# Excitement at the Vet's!!!



## tim_s_adams (Aug 9, 2017)

Going to the Vet's office is always trying, even though Nyx likes the vet and techs, she was a little reactive with other dogs in close quarters like that as a puppy. But I was so proud of her behavior on her last visit! When we arrived, there was a customer with their GSD mix dog at the counter, and the entrance door is only about 2 ft away. Nyx walked calmly by the dog without a peep. There was only one other customer in the waiting area who had a cat in a soft crate, and she ignored that as well, laying at my feet for our turn. The excitement came as we were up at the counter after seeing the Vet. Nyx and I had just walked up to the counter when a large Golden Retriever came charging toward us, pulling it's owner from the back room. Nyx let out one very loud bark, which not only stopped the Golden in it's tracks, it literally stopped all activity in the office for several seconds LOL! I calmly told her enough, and we walked to the far side of the room to allow the Golden and it's owner room to exit.

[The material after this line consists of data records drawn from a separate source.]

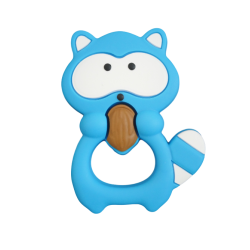 Vaskebjrn Silikone Bidering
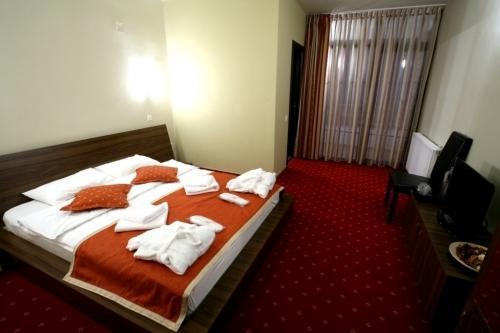 Hotel Maya House Predeal Exterior foto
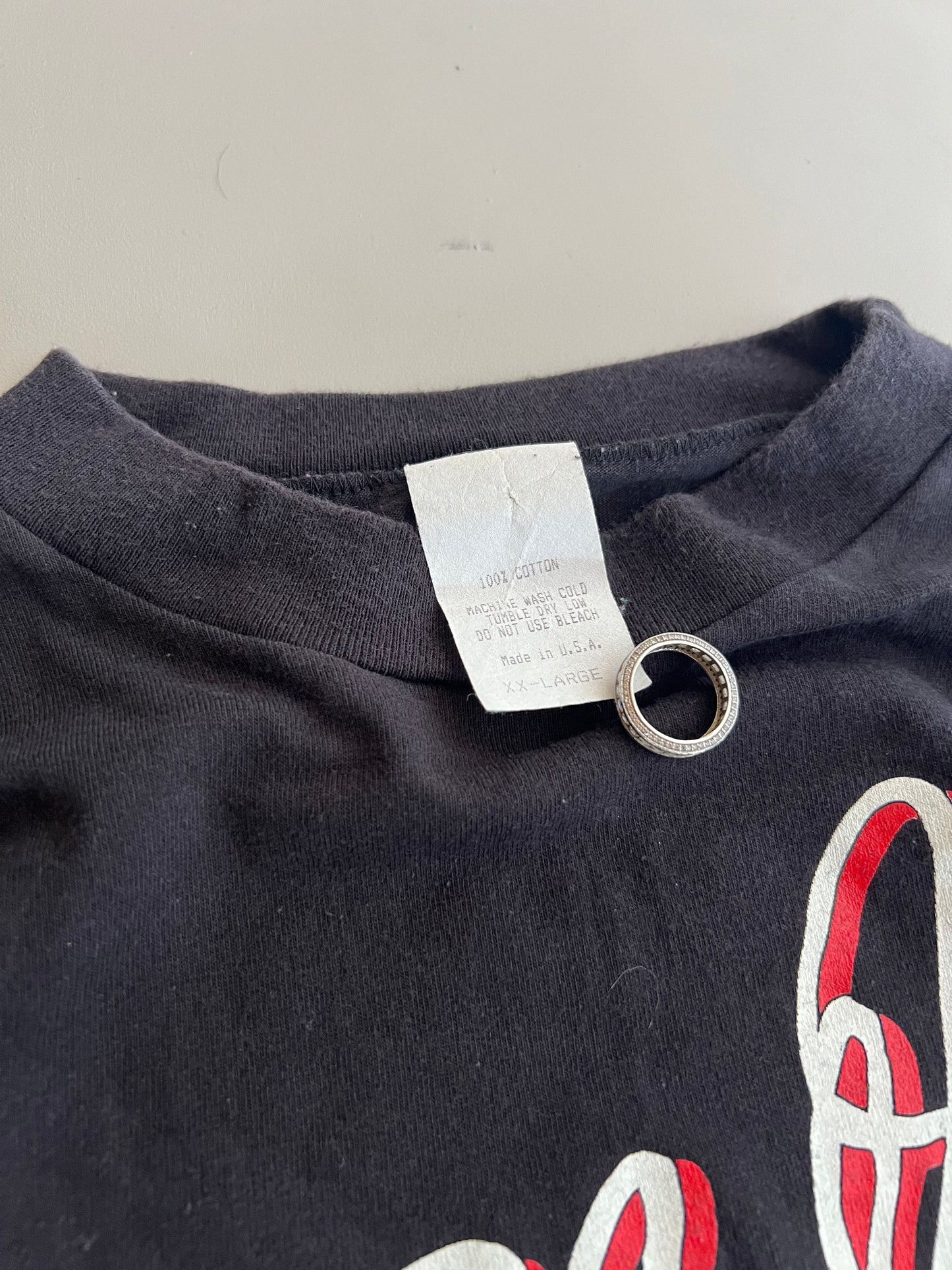 XXL 90s Dale Earnhardt Goodwrench T-shirt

I put Nyx in a down, again about 3 ft away from the now nervous looking cat owner, and left her there while I went back to the counter to pay the bill. She held the stay beautifully until I called her, and when she came to me she avoided even looking at the other animals present! Both the receptionist and a vet tech complimented what an incredibly well mannered dog she was...what a dog! And only 16 months old. I have a feeling she's going to surpass all expectations as she matures. :thumbup:


----------



## dogma13 (Mar 8, 2014)

Excellent!Good girl Nyx


----------



## selzer (May 7, 2005)

Sounds like a good day!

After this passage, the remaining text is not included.